EDirect commands can be combined together in this way, using “|”. For example:

esearch -db pubmed -query "seasonal affective disorder" | efetch -format xml

At first glance, this line of code is simple. We execute an esearch command to search a database (PubMed) for a query (“seasonal affective disorder”). The results of the query (a list of PMIDs that match the search criteria) are then piped into the efetch command, which retrieves full XML records for each PMID.

In reality, however, things are a little more complicated. The PMIDs from the esearch are not being piped directly into the efetch. Both esearch and efetch, as well as several other EDirect commands, make use of the E-utilities History server.

This History server keeps track of your previous queries, just like the History function in the PubMed Advanced Search Builder. Rather than outputting a list of PMIDs, esearch saves that list of PMIDs on the History server, and outputs two pieces of information which let you retrieve that list later: a Web Environment string (which identifies your specific history, as opposed to another user’s history), and a Query Key (identifying which specific set of results you would like to retrieve).

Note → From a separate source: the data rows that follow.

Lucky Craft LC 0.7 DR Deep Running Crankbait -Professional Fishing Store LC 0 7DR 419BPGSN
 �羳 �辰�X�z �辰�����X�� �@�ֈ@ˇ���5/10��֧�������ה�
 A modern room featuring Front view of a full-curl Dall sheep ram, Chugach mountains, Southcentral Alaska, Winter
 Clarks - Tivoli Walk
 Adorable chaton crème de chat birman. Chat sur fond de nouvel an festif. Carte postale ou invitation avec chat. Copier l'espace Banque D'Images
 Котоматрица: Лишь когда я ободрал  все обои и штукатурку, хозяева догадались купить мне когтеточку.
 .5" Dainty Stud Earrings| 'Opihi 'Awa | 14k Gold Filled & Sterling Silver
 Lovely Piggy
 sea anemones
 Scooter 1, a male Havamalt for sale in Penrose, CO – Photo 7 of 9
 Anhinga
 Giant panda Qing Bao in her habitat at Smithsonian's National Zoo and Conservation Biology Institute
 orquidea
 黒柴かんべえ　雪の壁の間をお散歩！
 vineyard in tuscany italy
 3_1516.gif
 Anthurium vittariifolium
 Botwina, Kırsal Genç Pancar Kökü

When you pipe the output of an esearch to an efetch, you are actually piping the Web Environment string and Query Key from the esearch to the efetch. The efetch then uses that information to retrieve the correct list of PMIDs from this History server, and uses that list of PMIDs as input.

A diagram showing an esearch-efetch pipeline, using the History server: The esearch command pipes stores a DB identifier and a list of PMIDs on the history server, and pipes the Web Environment string and Query Key to an efetch command; the efetch command uses this information to retrieve the correct DB identifier and PMIDs from the history server

In most cases, you can ignore the History server, and think of “|” as sending PMIDs from one command to the next. However, the History server makes it possible to create some longer and more powerful data pipelines, so it is important to understand what is at work.